• **Given data**:
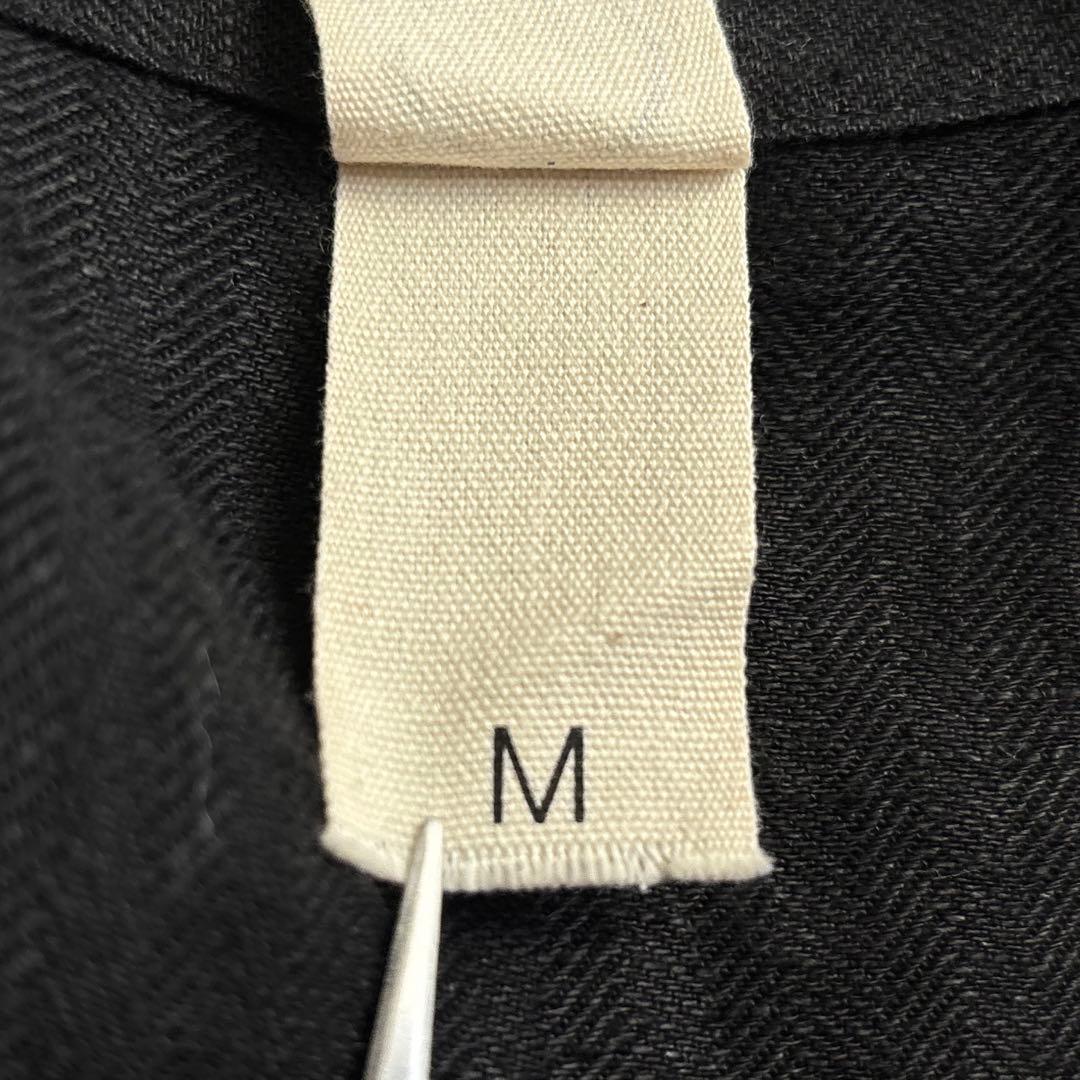 O project【M】リネン 麻 フーデットコート オーバーサイズ ブラック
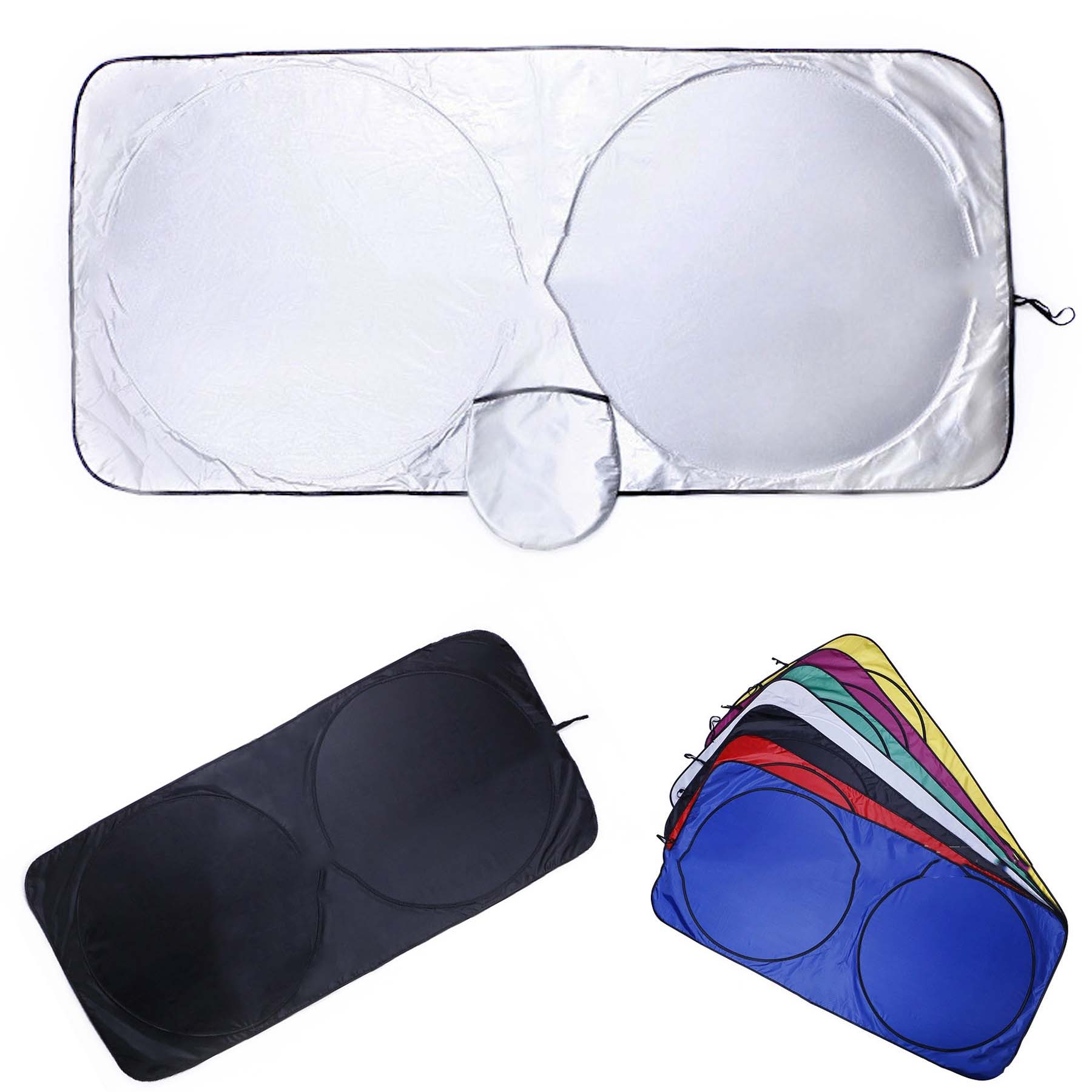 2 Circles Collapsible Car Sunshade 2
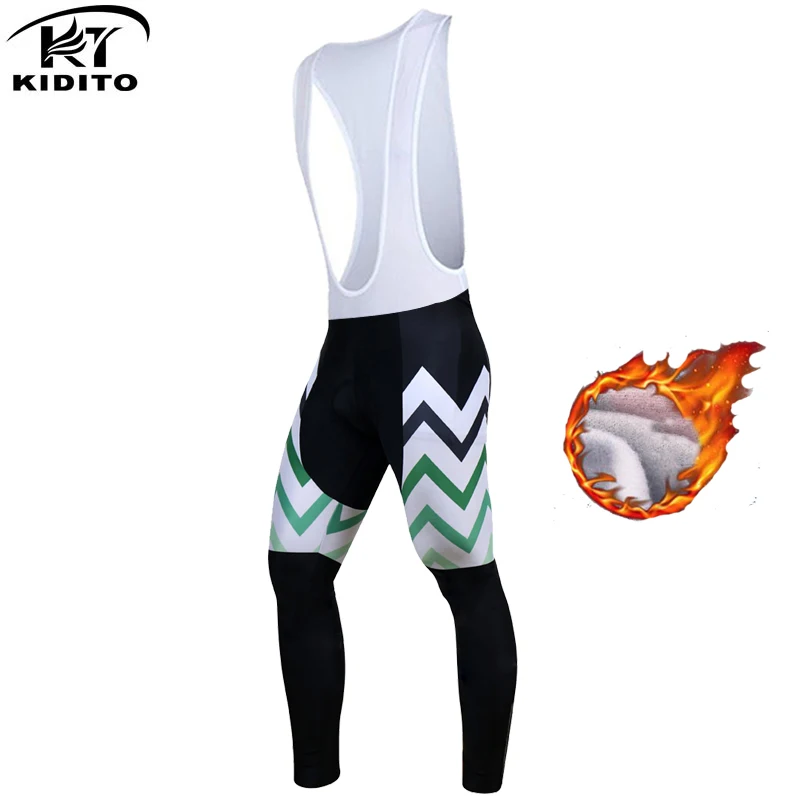 KIDITOKT длинные штаны для велоспорта теплые зимние теплые флисовые мужские 3D гелевые велосипедные спортивные колготки Mtb мужские Ropa Ciclismo - Цвет: color 5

• **Task**: Give every line above again exactly, omitting whatever pictures appear.

• **Your response**:
 O project【M】リネン 麻 フーデットコート オーバーサイズ ブラック
 2 Circles Collapsible Car Sunshade 2
 KIDITOKT длинные штаны для велоспорта теплые зимние теплые флисовые мужские 3D гелевые велосипедные спортивные колготки Mtb мужские Ropa Ciclismo - Цвет: color 5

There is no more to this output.